Researchers at Leibniz Universität Hannover in Germany have recently developed quantum machine-learning algorithms that can be used to denoise quantum data. These algorithms could help to produce more reliable data using quantum clocks or other measurement tools based on entangled quantum states.
Just like traditional machine-learning algorithms, quantum machine-learning algorithms depend on a series of variational parameters that need to be optimized before an algorithm can be used to analyze data. To learn the correct parameters, the algorithm needs first to be trained on data related to the task it is designed to complete (e.g., pattern recognition, image classification, etc.).
As an initial step in their research, the team optimized their algorithms, training them to effectively denoise quantum data. As denoised reference states are hard to obtain or unavailable experimentally, the researchers used a trick that is often used when optimizing classical autoencoders, which are a type of unsupervised machine-learning algorithms.
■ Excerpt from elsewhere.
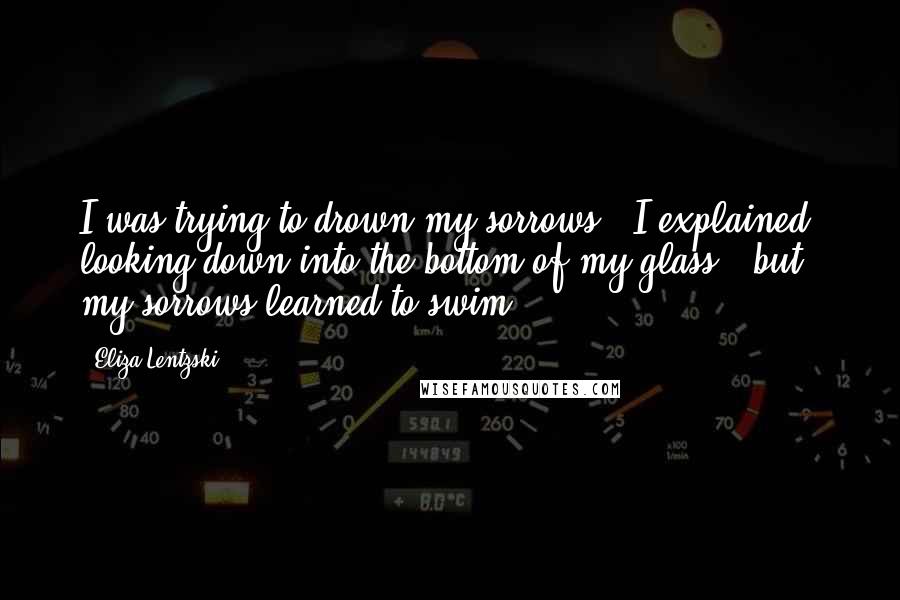 Eliza Lentzski quotes: I was trying to drown my sorrows," I explained, looking down into the bottom of my glass, "but my sorrows learned to swim. Eliza Lentzski quotes: I was trying to drown my sorrows," I explained, looking down into the bottom of my glass, "but my sorrows learned to swim.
The researchers have carried out numerous simulations in which they produced noisy entangled quantum states. First, they used these ‘experimental’ outputs to optimize the variational parameters of the autoencoder. Once this training phase was complete, they were able to evaluate their autoencoders’ performance in denoising quantum measurements.
The algorithms require a quantum computer that can process the specific experimental output (i.e., quantum data). For instance, if a researcher is trying to use the autoencoders to denoise data based on trapped ions, but her quantum computer uses superconducting qubits, she will also need to use a technique that can map states from one physical platform to the other.
In the future, the quantum autoencoders developed by these two researchers could be used to improve the reliability of measurements collected using quantum-enhanced tools, particularly those using many-body entangled states. In addition, they could serve as interfaces between different quantum architectures. (Phys.org)
The paper has been published in Physical Review Letters.